Data Catalog Plugin API
Read this page in wide view mode from here
Data Catalog Plugin API (2.2.0)
A Data Catalog Plugin is a microservice that is responsible for provisioning and unprovisioning metadata into a Data Catalog a the end of the deployment phase of a resource through Witboost.
It takes in a system descriptor enriched with components' provisioning results and returns the result of the provisioned Data Catalog entities.
The Data Catalog contract is similar to a technology adapter, with a few differences. It takes in the whole system descriptor already enriched with tech adapters' deploy info.

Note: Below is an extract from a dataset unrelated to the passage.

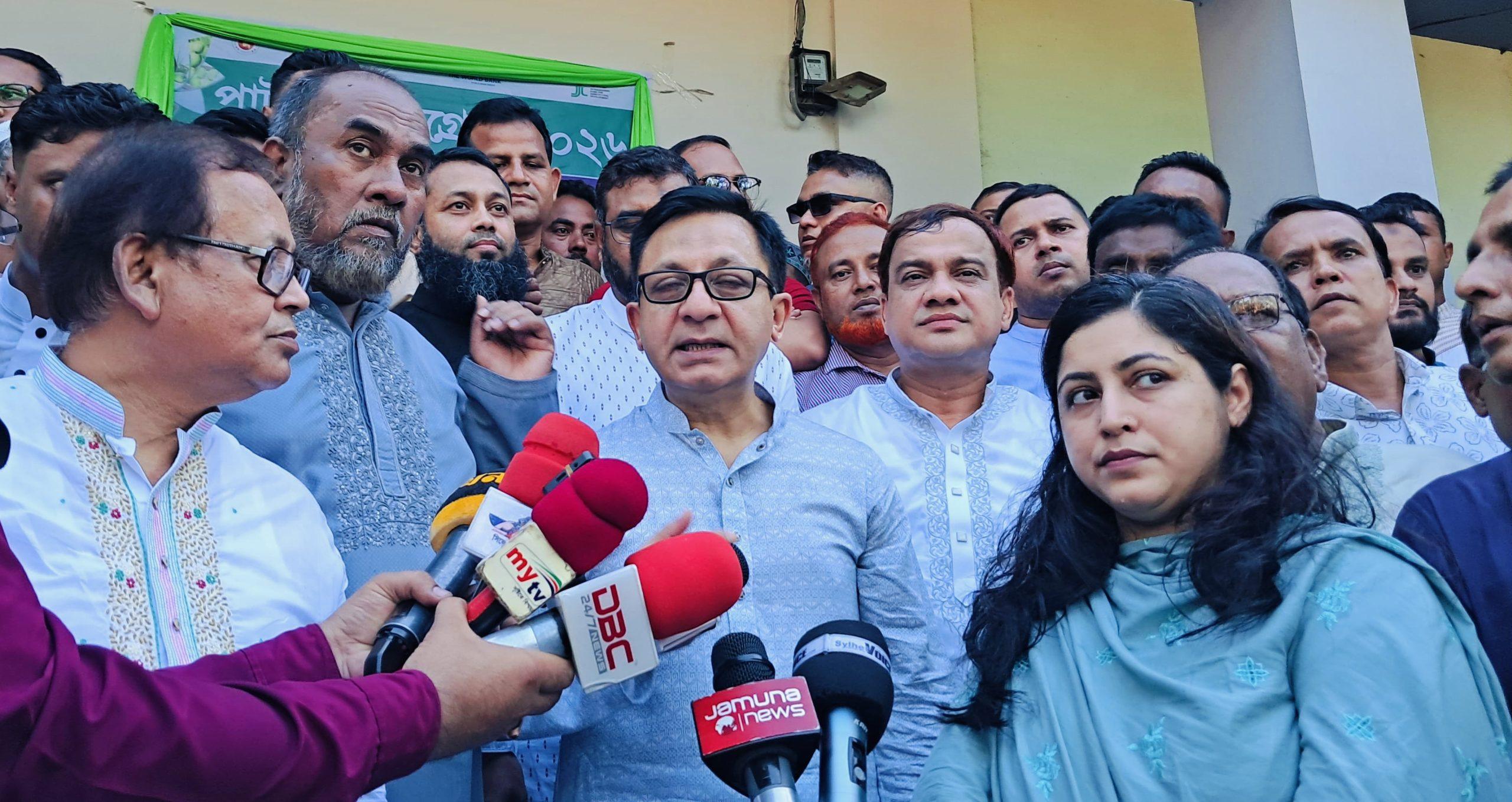 দেশের অর্থনীতি ও বাজার স্থিতিশীলতায় এআই প্রযুক্তির ব্যবহার হবে: সিলেটে বাণিজ্য মন্ত্রী 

A Data Catalog Plugin is not meant to be called directly by users from their browsers, but instead it is called by the Witboost Control Plane. Therefore, the base URL of the API will depend on the network address given by the Kubernetes network e.g. http://<service k8s endpoint name>.<namespace>:<port>. Below, we are providing an example base URL, yours may differ.
Validate a Data Catalog Entity provision request (async)
Validate output ports metadata attached in the provisioning request.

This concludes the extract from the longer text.